Oct 31, 2005 22:34
No time for a relationship in highschool??? Bullshit. I feel like if we hadn't drifted after sophomore year, it would be me going out with him as of 8.30 tonight, not... well... yeah. Anyway... Jealousy is probably the worst human emotion of anything... LIke, anger you can deal with, and fear. Love rocks... Hate can be overcome... But jealousy is like, anger, hate, love and other crap all together shoved into the same fucking emotion. Okay so tonight was a great night over all, me and jess and alex went to the newman playground and just hung out and talked about boys and asya... and boys... (^^) Like, forever. It was great. But it made me think about a lot of crap... It like, reintroduced me to the whole, omg i can't stop crying about asya thing... plus made me hate all the girls who have stolen all the amazing guys away from us leftover, kinda "meh..." girls. The night while we were at rich's house worked out that everyone was parred off (tho not the way it really ended up later)... Alex went off ot tlak to Brandon (when she told him she hated me for NO REASON because she doesn't.)... Jess and Drew were talking, and Tanush and BJ were all over each other..... I've never felt as sad as I did as the SEVENTH WHEEL. What the fuck kind of person is the seventh wheel?!?!?!?

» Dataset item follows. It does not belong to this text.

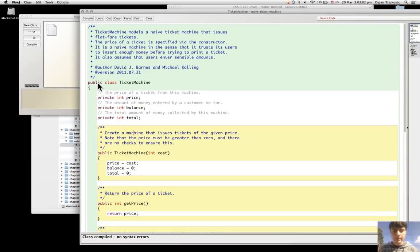Keywords never contain an uppercase letter, whereas TicketMachine, which is not a keyword but a name used to define the class, contains a mix of uppercase and lowercase letters.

I wish I could justify myself and say I'm not desperate, but I can't. THe only guys who have ever liked me recently have been younger then me, and it never worked out.... Plus it only works for me that great guys like me when i'm to shallow to notice that they're great, and as soon as I realize it they've gone off with another chick and have gone all: "i'm in a serious relationship" on my ass.
I think part of theproblem is that I have such great guy friends, but that's all they are... Friends. THey never think of me as anything more... I took one of those stupid love quizzes once a long time ago which was like, What Kind of Girlfriend are You? And ironically, I got "the perfect girlfriend"... It was all, you can be one of the guys and let your guy have his space and all that shit, but it was like, be careful not to become one of the guys, and htats my problem. I think I dont show guys that I'm actually an option for a relationship. But I dont want to change who I am to get guys.... AUUUGH LIFE SUCKS.
And another fucking awful thing is that when you finally find someone you can get close to (and I have... Someone who like, i can be totally open and honest with, and I dont feel like I need to hide anything... it's so strange feeling like... I've never felt it with anyone until now.) he's with some other fucking chick who he loves and will never break up with.
I wish I could talk to Asya about all this... She would understand.